From 1871 to present the total nominal return was 9.07% versus just 6.86% on a "real" basis. While the percentages may not seem like much, over such a long period the ending value of the original $1,000 investment was lower by an astounding $260 million dollars.

Importantly, as stated previously, and as I will discuss more in a moment, the return that investors receive from the financial markets is more dependent on the "WHEN" you begin investing.

2) I can beat/outperform the stockmarket

No, you can't. Stop trying. I discussed this idea in much more detail in "Why you can't beat the index." However, here is the important point.

The issues of stock buybacks, the "substitution effect", taxes, expenses and fees all lead to the underperformance of the index. In a recent article, a study found that only 1 in 4 mutual fund managers outperforms the market index over long periods of time. Of those that outperformed the average outperformance was .12% before fees and expenses. However, the fees and expenses were larger than the level of outperformance. This, of course, does not also include the tax impact on gains and income.

The problem with chasing performance, of course, is that once you fall behind you take on MORE risk to try and make up the difference. This leads, ultimately, to bigger mistakes that cost investors dearly.

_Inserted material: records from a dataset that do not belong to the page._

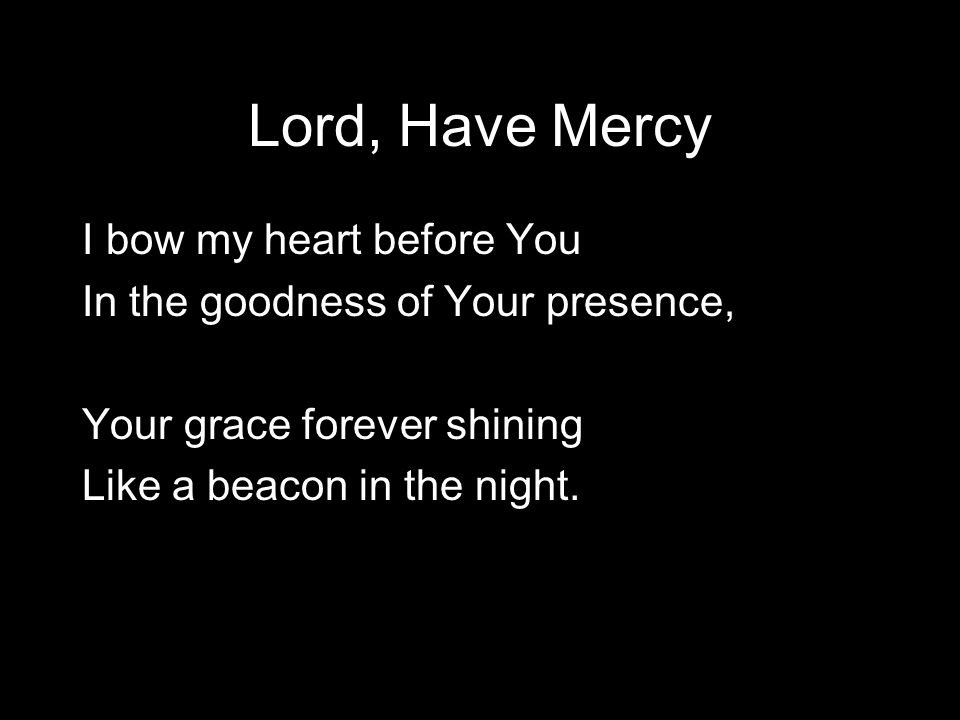 Lord, Have Mercy I bow my heart before You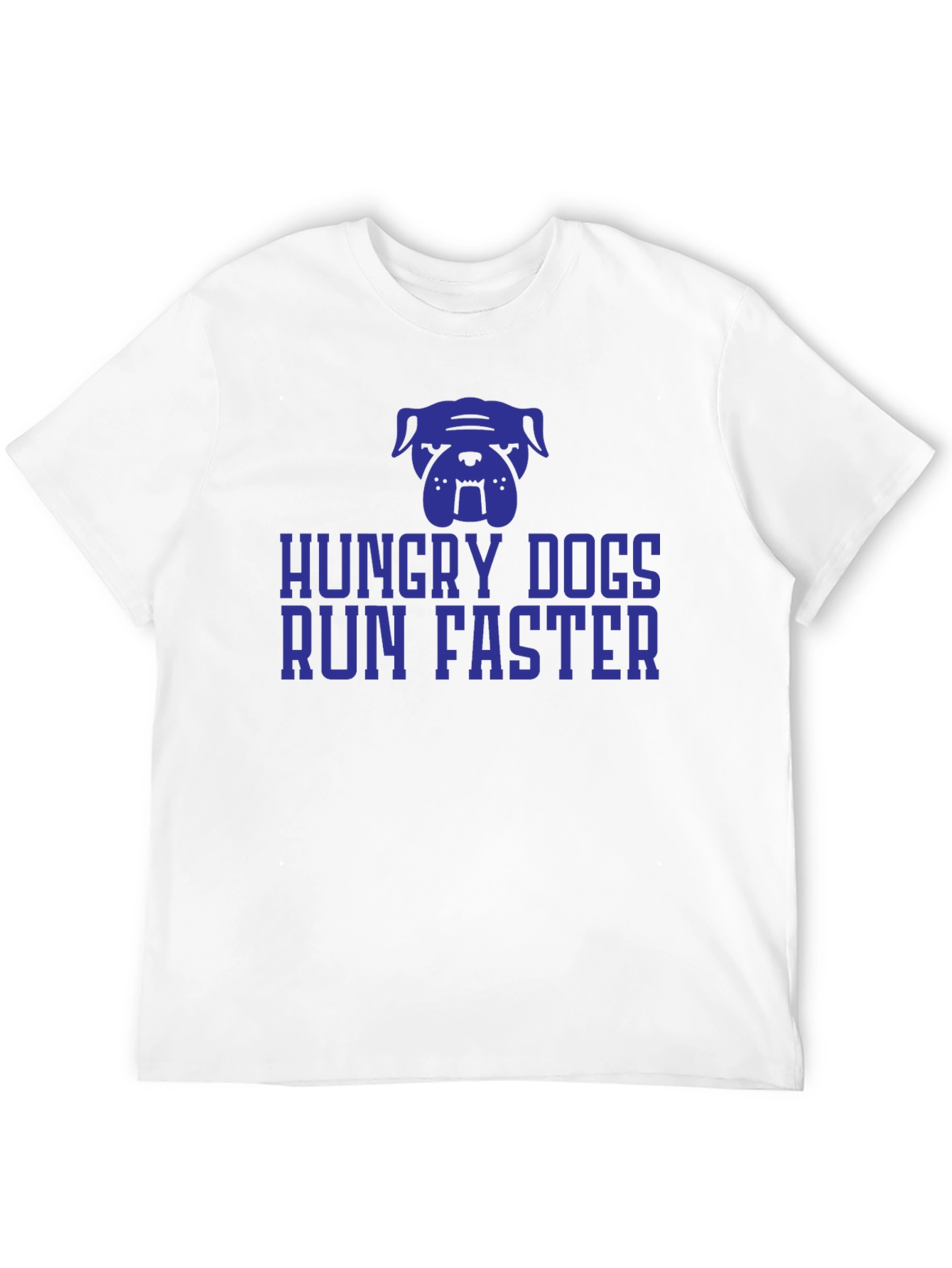 Hungry Dogs Run Faster Graphic Tee
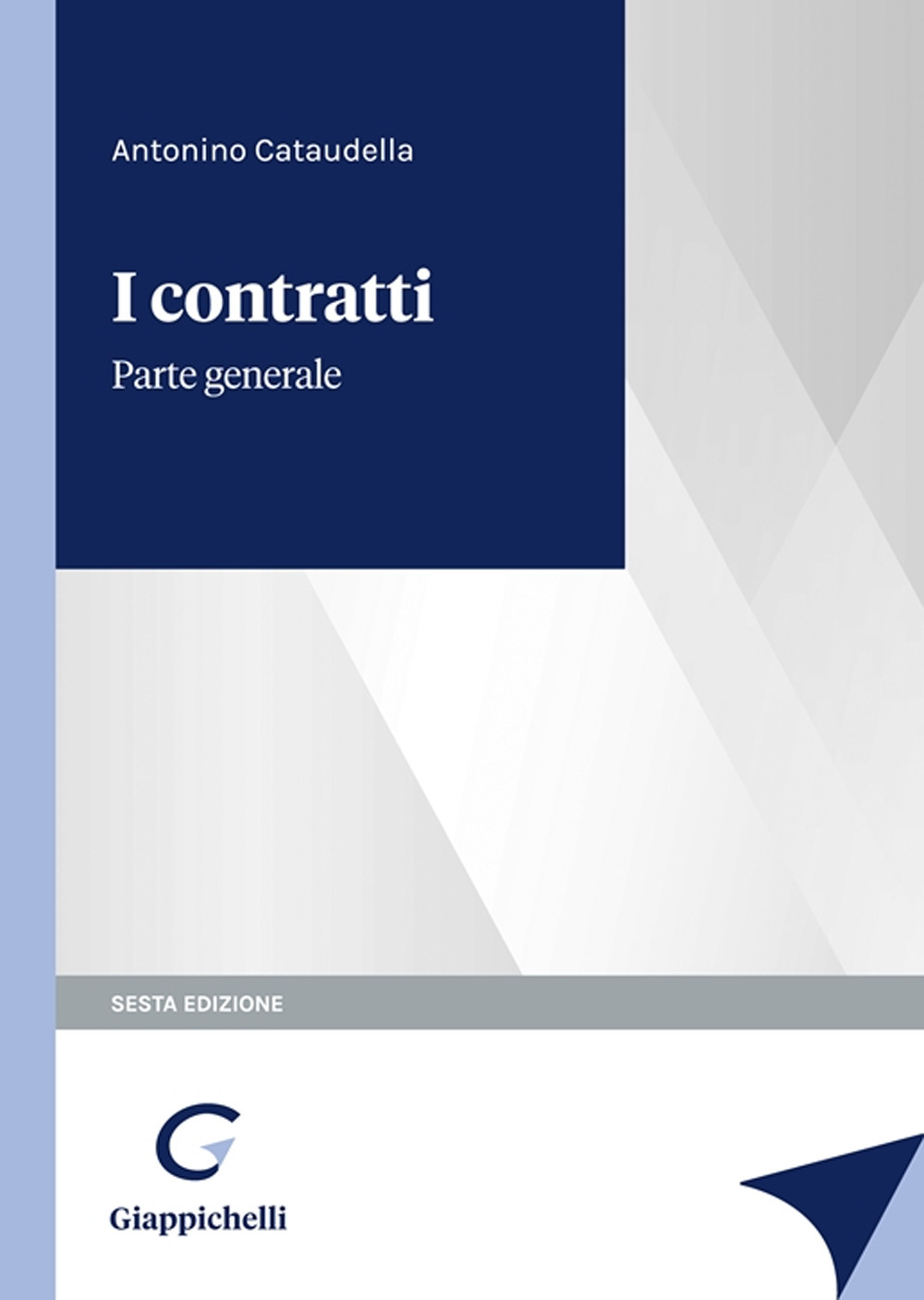 I contratti. Parte generale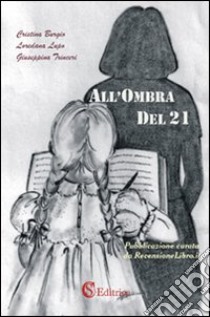 All'ombra del 21 libro di Burgio Cristina; Lupo Loredana; Trinceri Giuseppina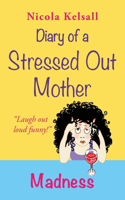 Diary of a Stressed out Mother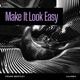 Make It Look Easy Single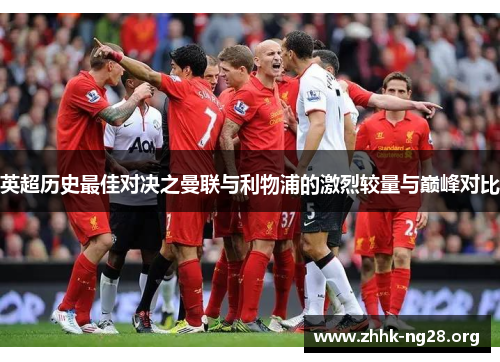 英超历史最佳对决之曼联与利物浦的激烈较量与巅峰对比 英超历史最佳对决之曼联与利物浦的激烈较量与巅峰对比
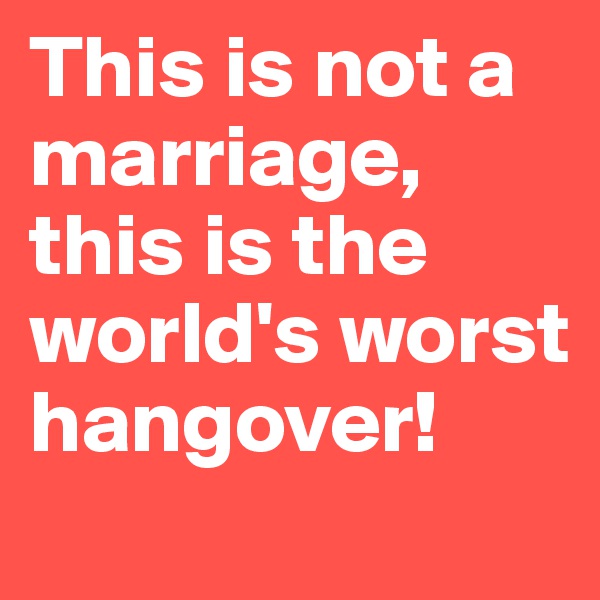 This is not a marriage, this is the world's worst hangover!
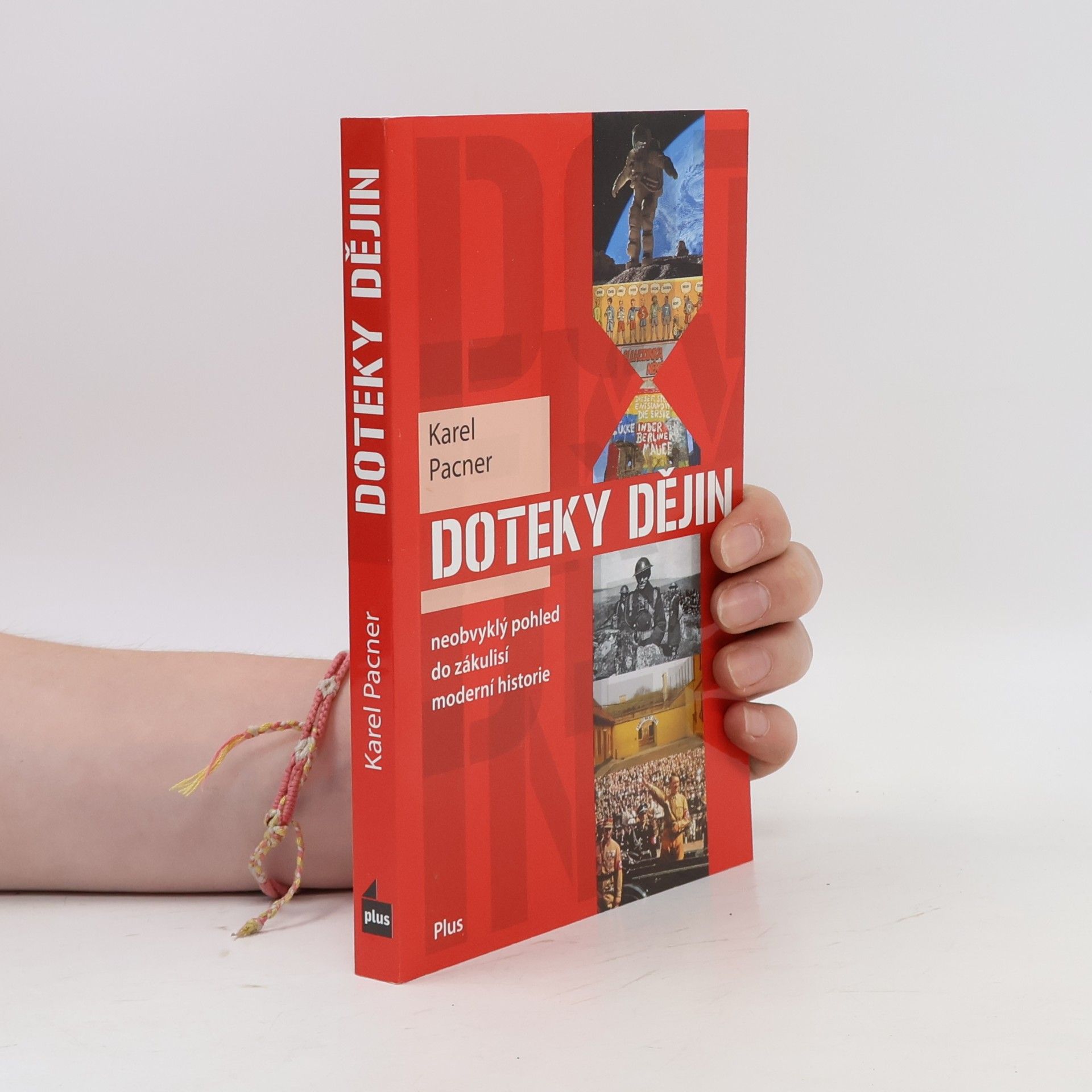 Karel Pacner Doteky dějin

This could not be more to the point than anything that we have discussed today. Comparison of your performance to an index is the most useless, and potentially dangerous, the thing that you can do as an investor.

Comparison is the cause of more unhappiness in the world than anything else. Perhaps it is inevitable that human beings as social animals have an urge to compare themselves with one another. Maybe it is just because we are all terminally insecure in some cosmic sense. Social comparison comes in many different guises. "Keeping up with the Joneses," is one well-known way.

If your boss gave you a Mercedes as a yearly bonus, you would be thrilled - right up until you found out everyone else in the office got two cars. Then you are ticked. However, really, are you deprived for getting a Mercedes? Isn't that enough?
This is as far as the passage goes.